By THOMAS J. SHEERAN, Associated Press Writer
CLEVELAND (AP) - Negotiators for the United Steelworkers of America and LTV Corp.'s unsecured creditors reached agreement Tuesday on a revamped contract meant to save the bankrupt company with a $250 million federally guaranteed loan.
The deal proposes $150 million in savings by hourly and salaried workers at LTV, which last week asked a federal bankruptcy judge for permission to close several mills.
The five-year revised contract includes wage cuts, delayed pay increases and health-care savings, according to the union.
Leo W. Gerard, president of the international union, said he was confident the agreement "will satisfy the concerns of lenders and clear the way" for the federal loan.
Questions surrounding the company's ability to repay the federal loan prompted the company to ask the bankruptcy court for permission to close its mills in Cleveland, East Chicago, Ind., and Hennepin, Ill., affecting 7,500 jobs.
In August, the steelworkers union approved a new contract with LTV that cut labor costs in an attempt to save the company. The agreement covered 9,000 LTV Steel employees, including 3,200 in northeast Ohio.
The specific terms of the revised contract with the unsecured creditors, which included most of LTV's suppliers, will be withheld until a ratification vote can be held. No date for the vote has been set, said union spokesman Marco Trbovich.
Unsecured creditors include those owed money by LTV from before the original bankruptcy court filing 11 months ago. They would be paid after secured creditors, which loaned money more recently and have property and land as collateral.
There was no immediate comment from LTV. A message seeking comment was left Tuesday at company headquarters in Cleveland.
The union made it clear that it wants the company to proceed under new management.
Gerard has blasted LTV for asking the court to shut down. Gerard said he and LTV Chairman William H. Bricker were in the middle of a telephone conversation about possible ways to save money when the liquidation petition was filed in bankruptcy court in Youngstown.
"We are left no choice but to call for the current management to be replaced with leadership who will cooperate with us and the creditors in working to secure certification of the $250 million loan by the Emergency Steel Loan Guarantee Board," Gerard said.

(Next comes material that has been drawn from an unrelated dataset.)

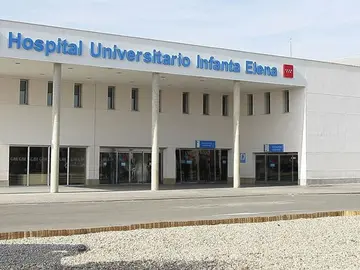 Hospital Universitario Infanta Elena donde ha muerto un anciano con coronavirus Hospital Universitario Infanta Elena donde ha muerto un anciano con coronavirus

"With 26 of the nation's leading steel companies having already gone into bankruptcy, all of us have known for some time that only action by the federal government will save this company and the American steel industry."
A hearing is scheduled next Tuesday in bankruptcy court in Youngstown on the company's request to close its mills and get them ready for sale.
The request prompted LTV's hometown congressman, Dennis Kucinich of Cleveland, to call for the bankruptcy court to appoint a trustee to manage the company.
LTV had filed for bankruptcy court protection from creditors Dec. 29. It blamed competition from cheap imports and a sluggish economy.
The company employs more than 17,000. Its primary assets are in Cleveland, Warren and Youngstown; East Chicago; Aliquippa, Pa.; and Chicago and Hennepin, Ill.